Они были горды своим положением и держались особняком от других негров. Со временем к ним примешалась доля индейской крови, они переняли многие повадки и обычаи индейцев-чоктавов и стали жить еще обособленней. Они селились по всему штату, небольшими общинами. И, в частности, осели на поросших сосняком взгорьях и топких низинах меж восточным и западным рукавами реки Провиденс. То были добрые, плодородные земли, хотя и малярийные. Здесь, разбросанные там и сям, жили семей пятьдесят; ты мог родиться, сам нарожать детей да так и умереть на треугольнике земли между двумя речными протоками, в общине под названием Новая церковь. Здесь и появилась на свет Маргарет Кармайкл.

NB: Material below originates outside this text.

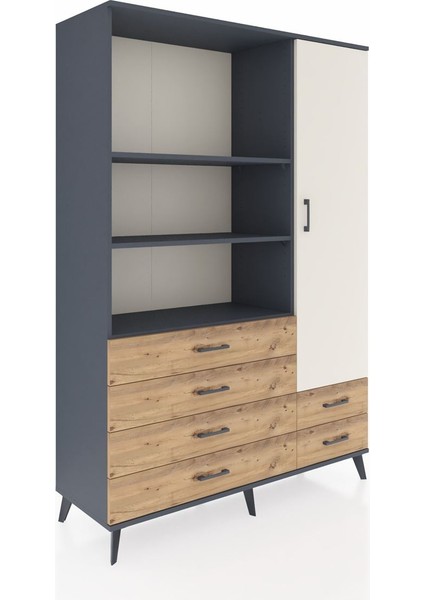 Hyperion Dolap 7 Raflı 6 Çekmeceli Tek Kapaklı 132X44X195 Antrasit-Aytaşı/çam fiyatları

А с той же самой армией брел назад на север весной 1815 года солдат по имени Уильям Маршалл Хауленд. Он был родом из Теннесси, этот малый лет шестнадцати-семнадцати, а может, и восемнадцати — он и сам твердо не знал: мать у него умерла давным-давно, а другие — тетки и прочая родня — не трудились считать. Он был долговязый, худой, темно-русый, с синими глазами. Когда окончилась война и он с товарищами пустился в дальний путь домой, голова у него трещала с похмелья, а в мозгу мутилось от всего, что довелось перевидать. Через день-другой он немного пришел в себя и начал поглядывать по сторонам. Он увидел покатую зыбь холмов и песчаную мягкую землю. Увидел бескрайние леса, сосны и орешник, большелистые магнолии и могучие виргинские дубы. Он увидел, как пышно цветут растения на прогретой почве, как вымахивают вдвое крупней против обычного — потому что их не сечет ветрами — кизил и иудино дерево, пламенные азалии и лавры. Ему вспомнился гористый край, куда он сейчас возвращался: остроконечные вершины, долины до того узкие, что в них никогда не заглядывает солнце, и лоскутки табачных участков на склонах такой крутизны, что надо тянуться кверху, ухаживая за сеянцами. Вспомнились и прогалины, открытые со всех сторон и пестрые от цветов, и сине-зеленые далекие дали, которые видны оттуда. Но его глазам наскучила ширь просторов, его тянуло в места поласковей, места, скроенные человеку по мерке, где и холм одолеть нетрудно, и земля податливо переворачивается под плугом.